RECORDS SUPPLIED below:
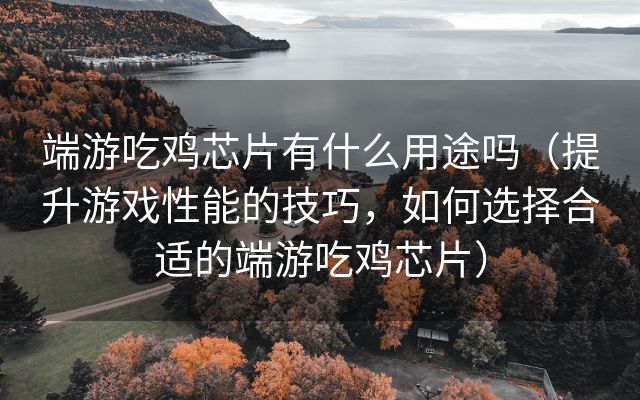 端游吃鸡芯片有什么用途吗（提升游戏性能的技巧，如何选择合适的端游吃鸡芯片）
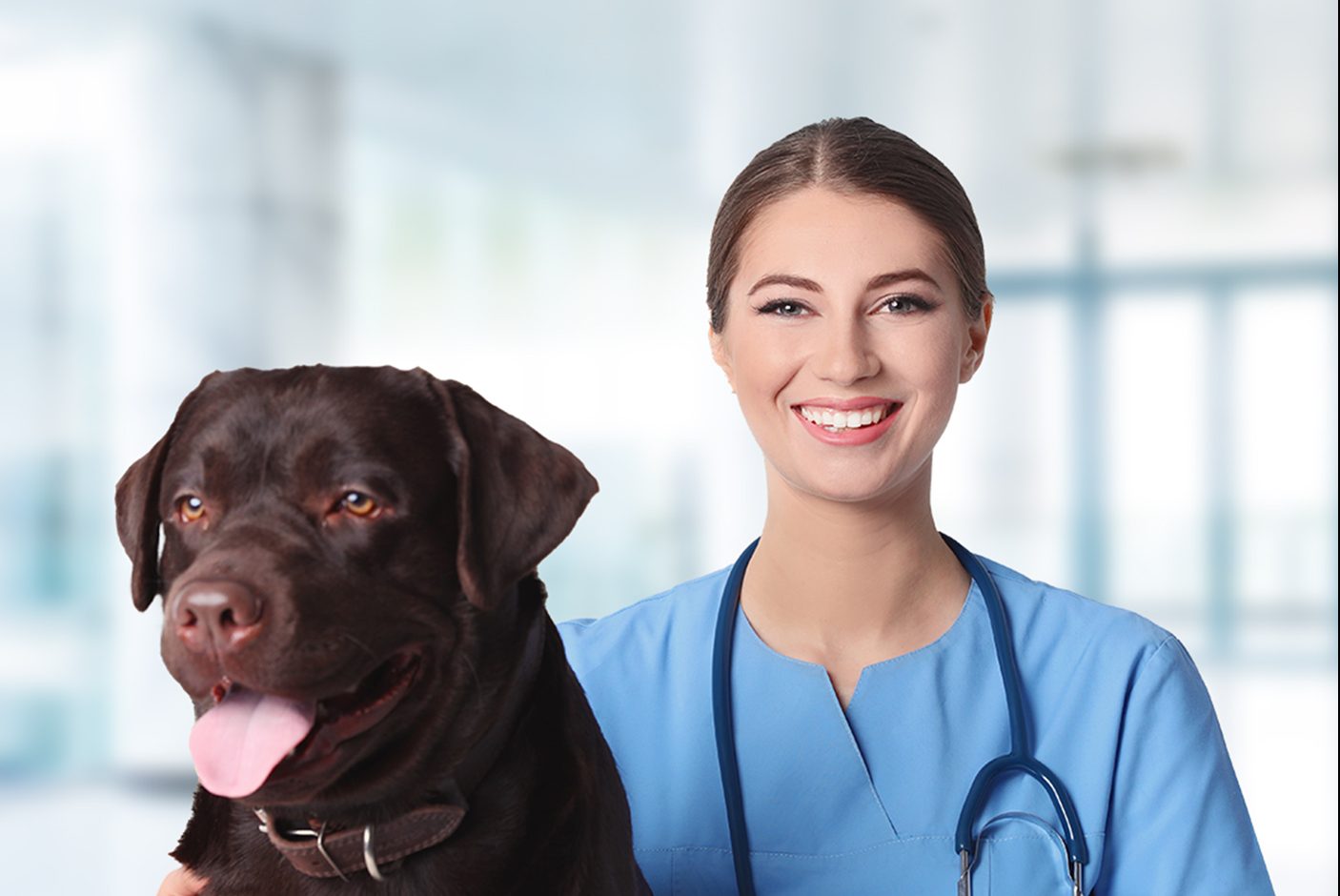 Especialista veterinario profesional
End of RECORDS SUPPLIED.
RECORDS SUPPLIED below:
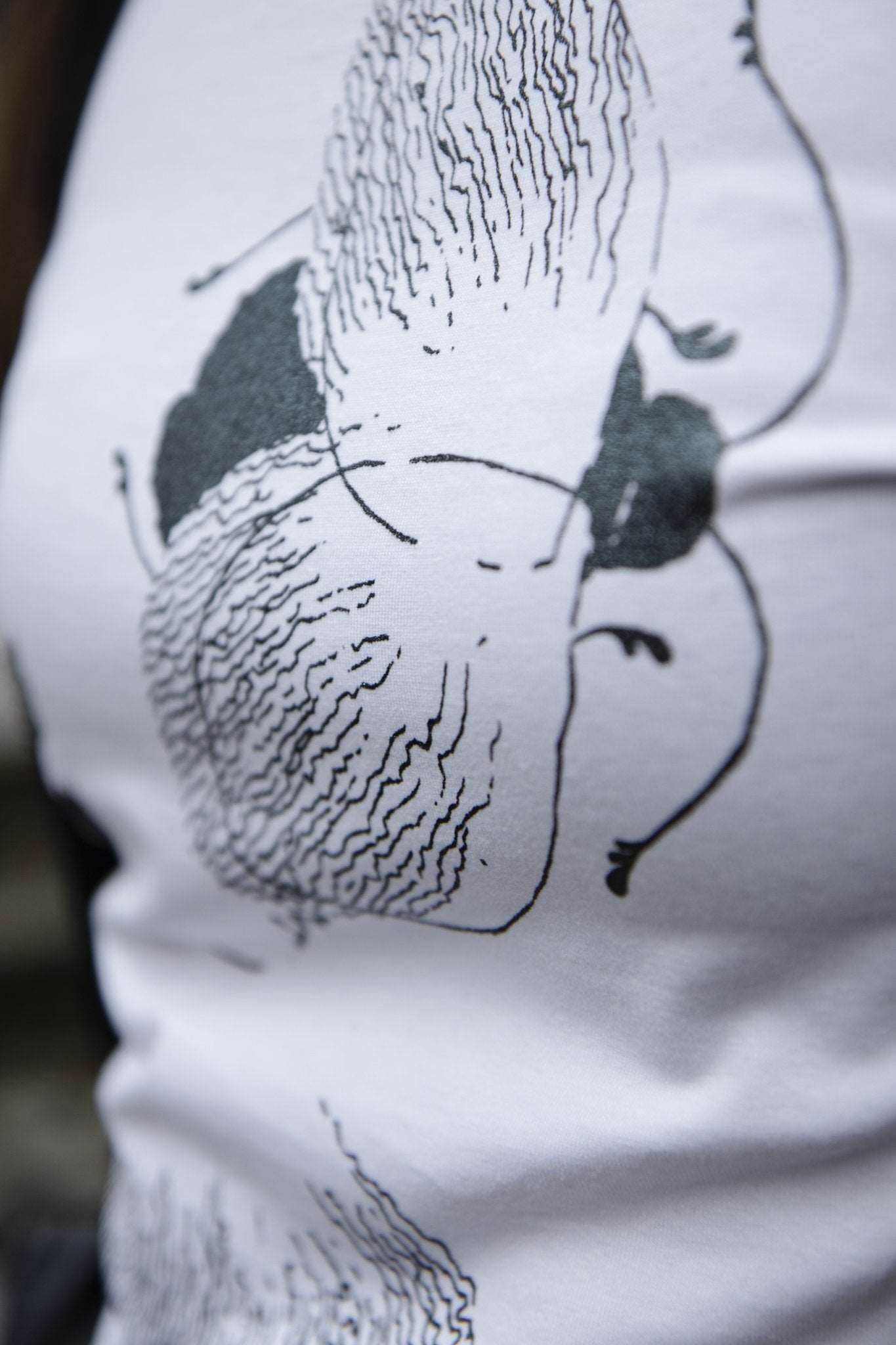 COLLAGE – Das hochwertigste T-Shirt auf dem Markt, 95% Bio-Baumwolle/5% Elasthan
End of RECORDS SUPPLIED.
### INSTRUCTIONS FOR THE TASK
Copy word for word the lines of the records above from the one with "端游吃鸡芯片有什么用途吗（提升游戏性能的技巧，如何选择合适的端游吃鸡芯片）" up to and including the one with "Especialista veterinario profesional". Skip the pictures.

### EXPECTED OUTPUT
 端游吃鸡芯片有什么用途吗（提升游戏性能的技巧，如何选择合适的端游吃鸡芯片）
 Especialista veterinario profesional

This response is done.